Halloween is one of the local specialities of eastern Massachusetts. In popular American observance Halloween means witches, and Salem has them on offer. The marketing of Salem witchcraft presents a curious case of the uses of the past. In its barest details, the 1692 Salem episode led to the executions of 20 people accused as witches. The outbreak occurred in a period of social and political turmoil in the Massachusetts Bay Colony. Although there were witchcraft panics elsewhere in colonial America, and thousands were executed as witches in Europe during the seventeenth century, the 1692 Salem events have generated reams of scholarship.
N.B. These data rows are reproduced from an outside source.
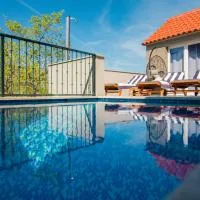 Holiday Home Moliva, hotel i Donje Sitno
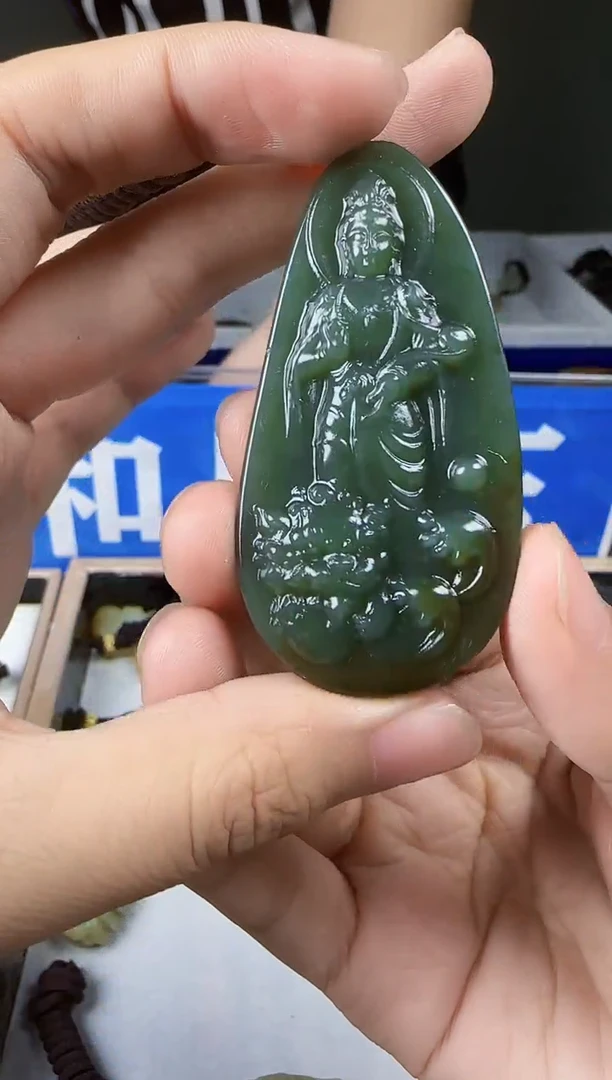 和田玉未镶嵌颈饰1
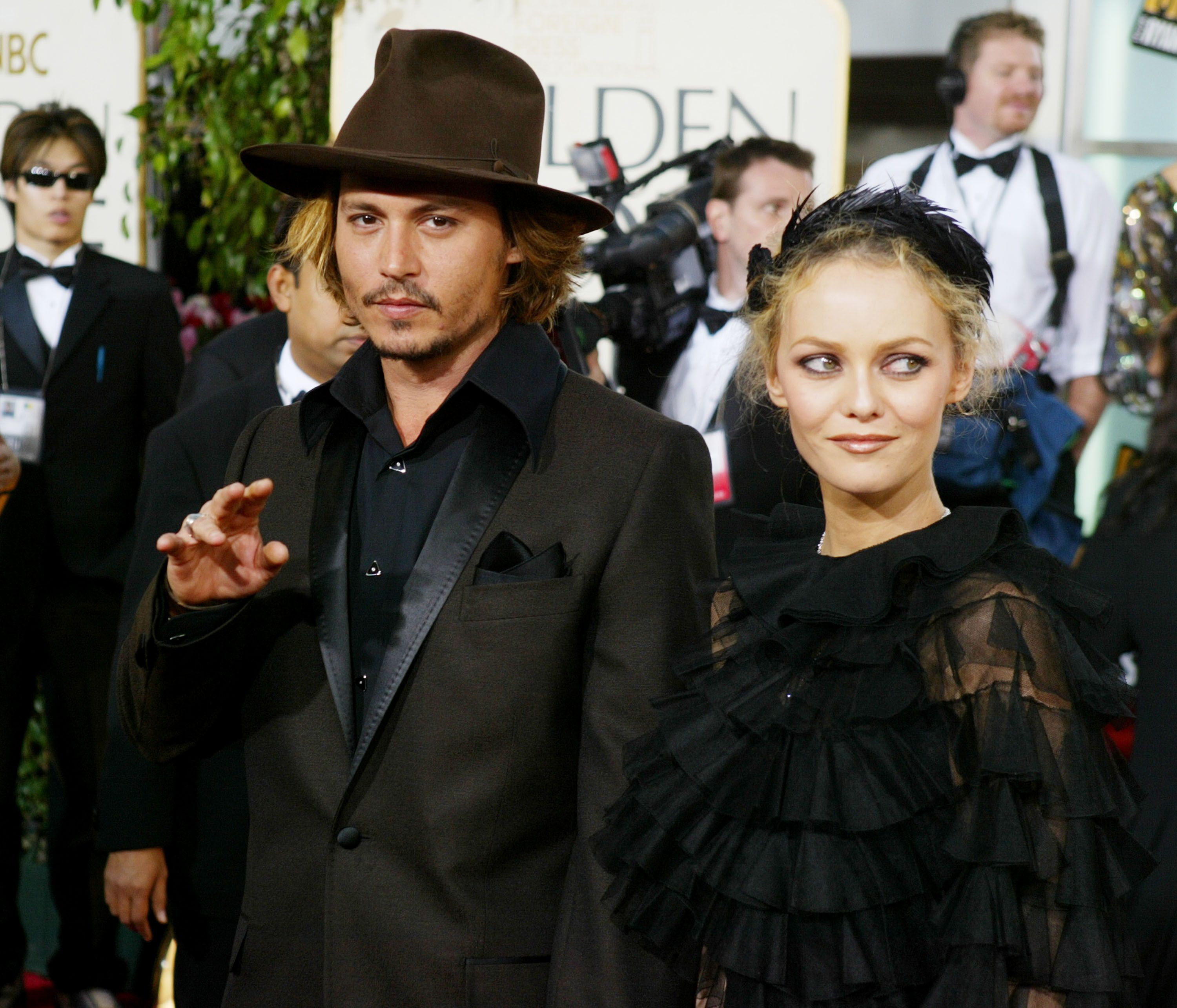 Johnny Depp et Vanessa Paradis lors de la 61e cérémonie annuelle des Golden Globe Awards à l'hôtel Beverly Hilton le 25 janvier 2004 à Beverly Hills, Californie. | Source : Getty Images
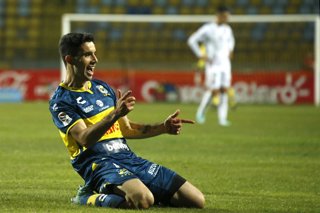 Futbol, Everton vs Audax Italiano. Fecha 6, campeonato Ascenso 2023. El jugador de Everton Lautaro Pastran celebra su gol contra Audax Italiano durante el partido de primera division realizado en el estadio Sausalito de Vina del Mar,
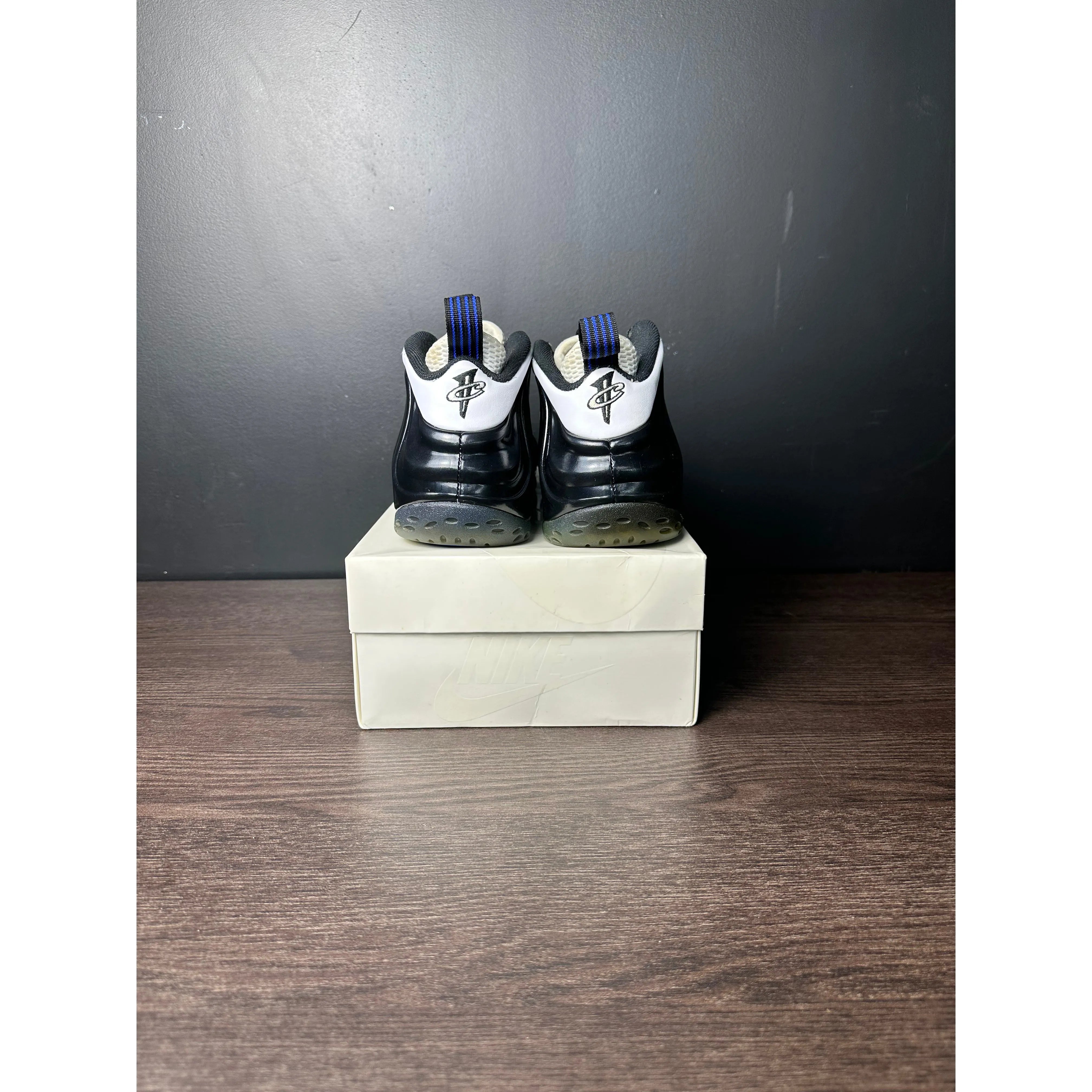 Nike Air Foamposite One "Concord" **PRE-OWNED**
Historians have sought explanation in everything from spoiled harvests to economic inequality, from fear of Native Americans to pernicious ideas about gender.
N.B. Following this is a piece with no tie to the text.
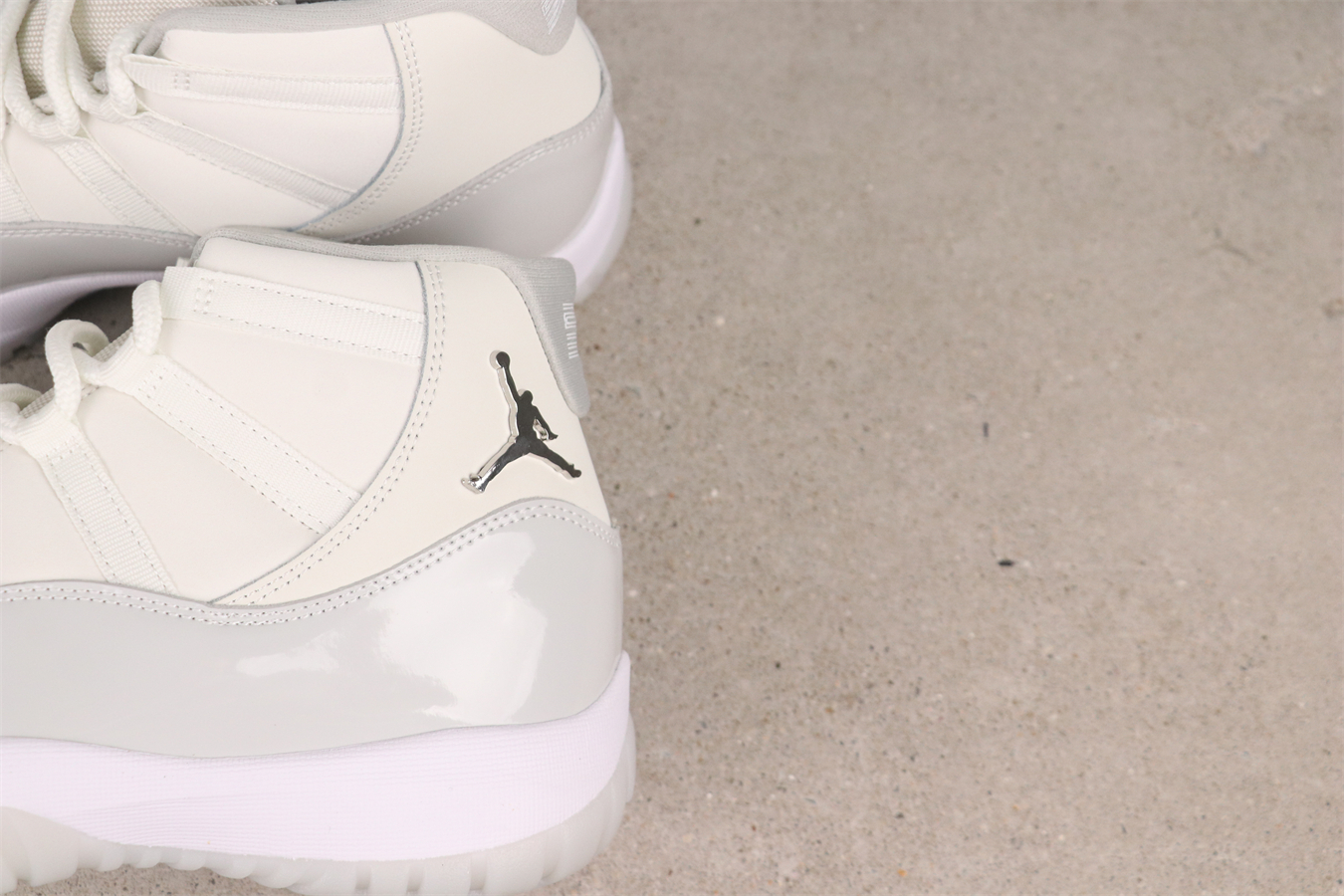 Air Jordan 11 basketball shoes Gray Silver Pearl White AR0715-110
Then why is Salem so happy at Halloween? The city that marks America’s most famous witchcraft episode uses it to stake claim to occult realms, as a branding device. Identification with historical events really matters to Salem. Without the witches (whom we assume were not actually witches), there is no justification for all the sorcery shops and pointy hats. Some institutions tack close to the historical record, like Cry Innocent!, a drama presented by Gordon College students, recalling the trial of Bridget Bishop. But many others claim 1692 to set it alongside the riotous costume party staged every October. Decades ago Laurie Cabot, the city’s Official Witch, took up residence and set out a shingle, opening a witch-goods store in 1971. Witchcraft turned out to be good for business. It drew tourists and refurbished the local economy. The city launched Haunted Happenings over thirty years ago, a month-long festival featuring full-moon cruises, face painting, haunted houses, magic shows, and celestial dancing. It is only scary in order to be fun, and all that fun flings coins into local coffers.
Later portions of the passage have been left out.